Schematic Processor v2.0 documentation

Iteration with the Schematic Processor

As a standalone geoprocessing tool, the Process Schematic Network tool within the Schematic Processor Tools toolbox is designed to process each node and link in a schematic network only once per tool execution. However, workflows involving processing a time series of values or performing stochastic analyses may require iteration over a number of steps.

This document describes two techniques for running the schematic processor with iteration.

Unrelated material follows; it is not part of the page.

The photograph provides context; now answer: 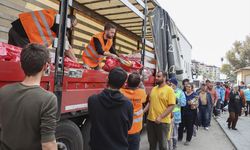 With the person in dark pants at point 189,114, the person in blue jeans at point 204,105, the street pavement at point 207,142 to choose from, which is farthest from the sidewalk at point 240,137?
the person in dark pants at point 189,114

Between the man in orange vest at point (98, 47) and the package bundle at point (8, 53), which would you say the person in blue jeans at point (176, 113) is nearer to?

The explanations assume that the reader already has a good understanding of how the schematic processor works and is familiar with the Arc Hydro data model and tools.

The two techniques for iteration are:

  • Use ModelBuilder iteration.
  • Write a processing op that performs iteration across all steps for a given schematic feature.

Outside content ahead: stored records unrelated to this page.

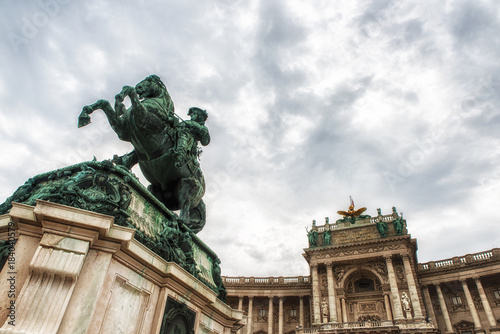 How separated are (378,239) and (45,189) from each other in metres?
36.4

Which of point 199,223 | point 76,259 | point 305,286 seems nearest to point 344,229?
point 305,286

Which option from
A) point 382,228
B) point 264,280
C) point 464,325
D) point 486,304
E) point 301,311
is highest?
point 382,228

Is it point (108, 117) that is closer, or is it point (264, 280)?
point (108, 117)

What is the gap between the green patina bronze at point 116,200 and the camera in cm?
300

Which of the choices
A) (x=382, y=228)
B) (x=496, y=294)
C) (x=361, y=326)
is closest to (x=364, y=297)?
(x=361, y=326)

The advantage of using ModelBuilder iteration is that you are working within the geoprocessing framework in ArcGIS. This supports readability amongst users who are familiar with this framework, and self-documentation by saving your workflows as geoprocessing models. Furthermore, the ability to introduce randomness into input parameters enables stochastic analyses. However, working within this framework also has its limitations. For example, for each iteration the Total Value and Passed Value attributes within schematic links and nodes could be overwritten, so care must be taken in preserving values from intermediate iteration steps if necessary.

The advantage of iteration within a processing op is that you can program an iteration algorithm that is as sophisticated as you need, without the limits of the ModelBuilder framework. The disadvantage is that you may have to write a substantial amount of code to enable iteration.

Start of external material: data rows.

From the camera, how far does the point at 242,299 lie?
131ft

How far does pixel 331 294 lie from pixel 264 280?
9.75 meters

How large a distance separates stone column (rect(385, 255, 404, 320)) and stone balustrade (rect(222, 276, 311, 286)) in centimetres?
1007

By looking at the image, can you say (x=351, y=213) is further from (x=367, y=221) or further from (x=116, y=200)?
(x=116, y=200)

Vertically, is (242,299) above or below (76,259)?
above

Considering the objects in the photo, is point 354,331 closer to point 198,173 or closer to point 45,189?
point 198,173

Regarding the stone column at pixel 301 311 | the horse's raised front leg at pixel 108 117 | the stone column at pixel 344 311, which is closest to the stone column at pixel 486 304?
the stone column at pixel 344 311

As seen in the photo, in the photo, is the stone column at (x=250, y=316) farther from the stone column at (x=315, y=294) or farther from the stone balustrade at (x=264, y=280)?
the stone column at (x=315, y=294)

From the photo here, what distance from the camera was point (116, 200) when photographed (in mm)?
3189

Both techniques can be combined for even more advanced applications. For example, you could use processing op iteration to route inflow stream discharge along stream links with data from a related time series table, and use ModelBuilder iteration to introduce randomness into the computations for stochastic analyses. The techniques are described in more detail below.

ModelBuilder Iteration

ModelBuilder in ArcGIS 10 includes several methods for iteration including iterating over a specified number of executions, a set of rows or features, a set of values such as a list of datetimes, a list of files, etc. For each iteration, the entire geoprocessing model is executed. The arcgis.rand() function can be used to introduce random variability in input parameters, enabling stochastic analyses. The ArcGIS help provides excellent documentation on its iteration capabilities.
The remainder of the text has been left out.